Action item:
For this listing, reproduce the line with "-Freedom Fitness私教健身俱乐部(徐虹北路店)", the line with "Hayden Lake Close-in", and the lines between, exactly as they stand. Leave out pictures and all other lines.

Material to process:
──────────────────────────────

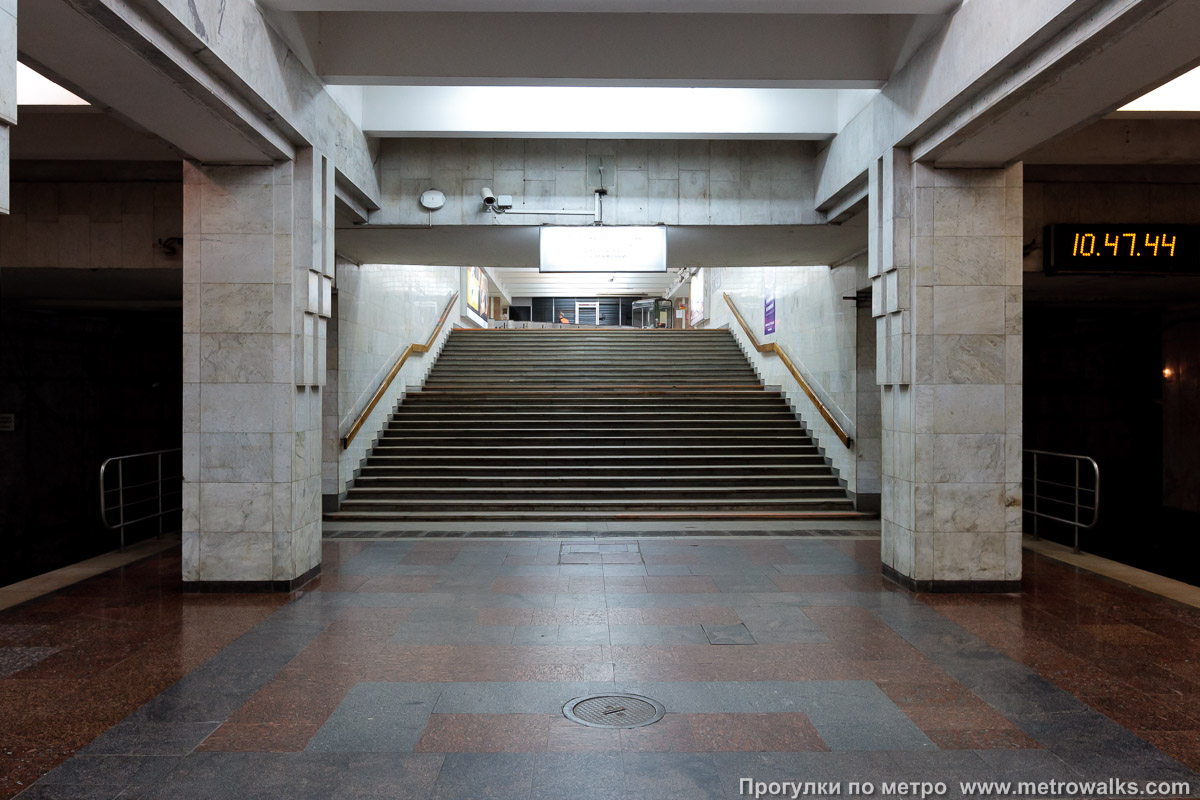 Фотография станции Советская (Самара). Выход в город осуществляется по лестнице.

──────────────────────────────

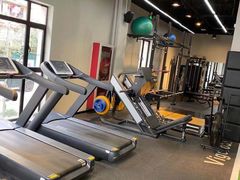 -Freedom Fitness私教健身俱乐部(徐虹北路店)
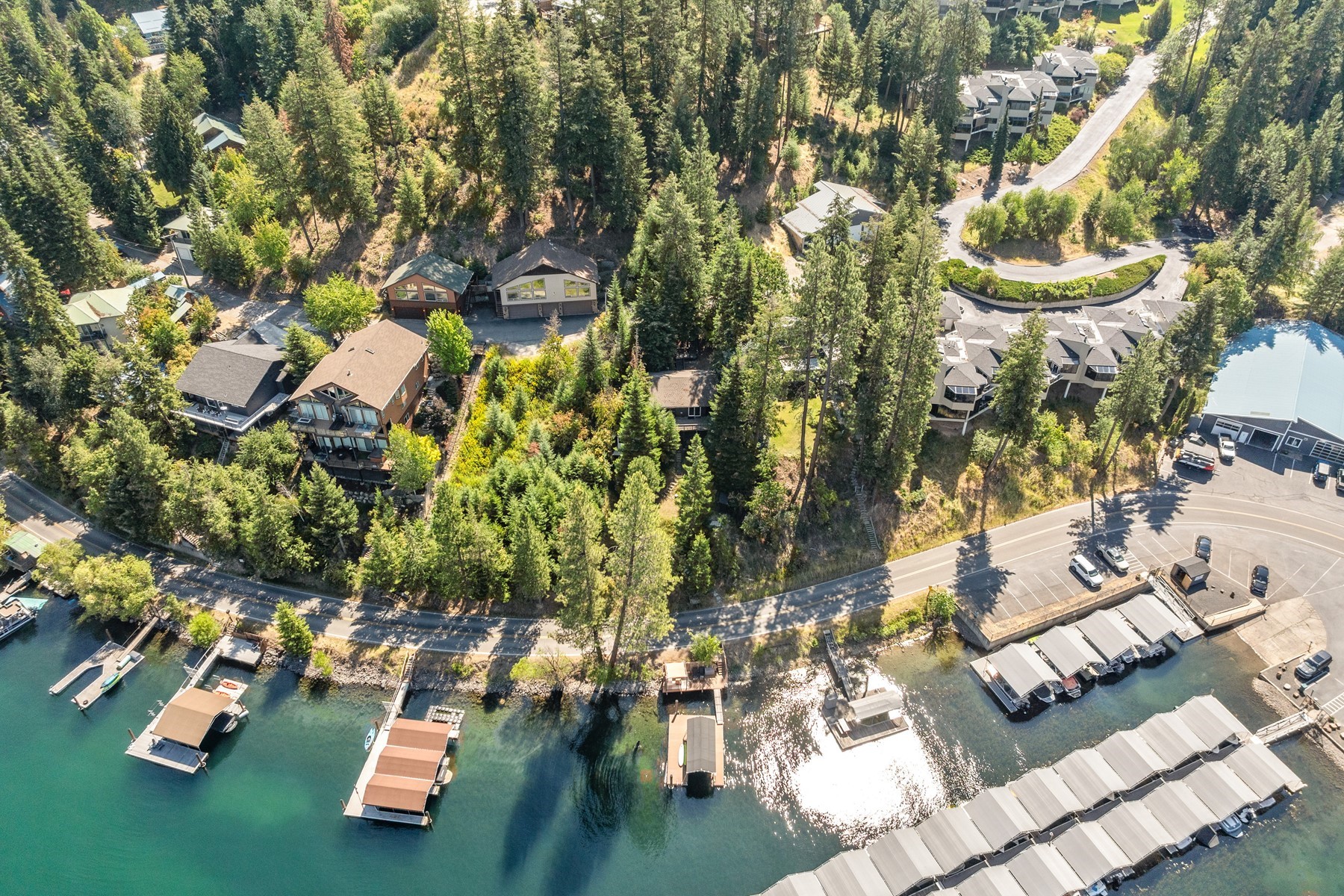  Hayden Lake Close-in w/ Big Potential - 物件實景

──────────────────────────────

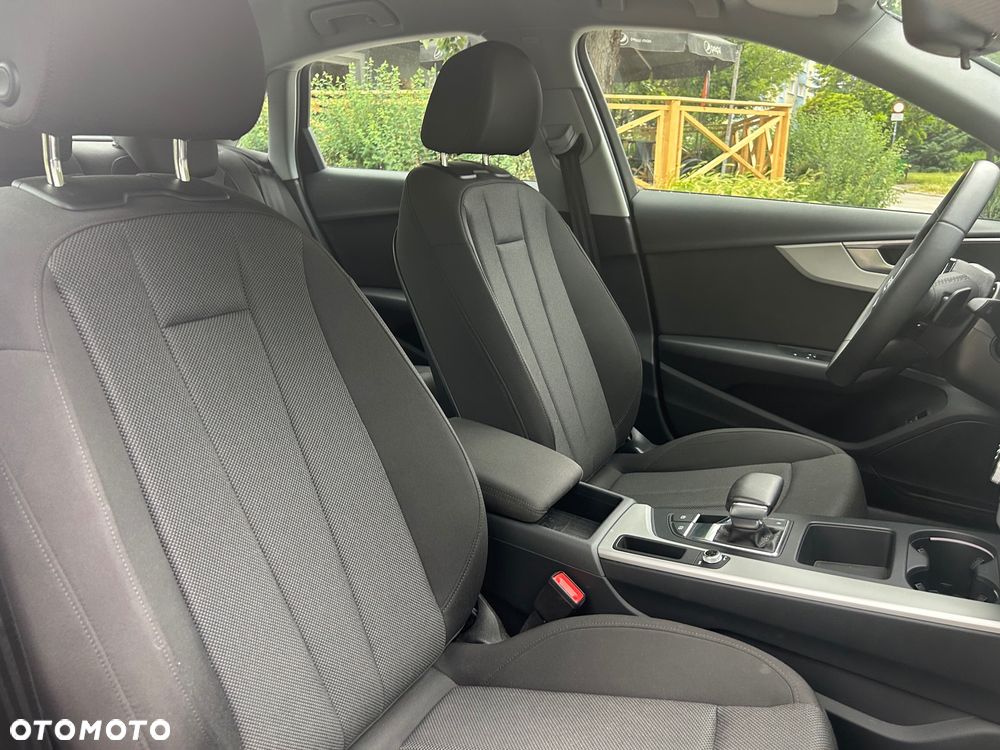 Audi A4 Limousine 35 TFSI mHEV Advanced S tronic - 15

──────────────────────────────

Solution:
 -Freedom Fitness私教健身俱乐部(徐虹北路店)
  Hayden Lake Close-in w/ Big Potential - 物件實景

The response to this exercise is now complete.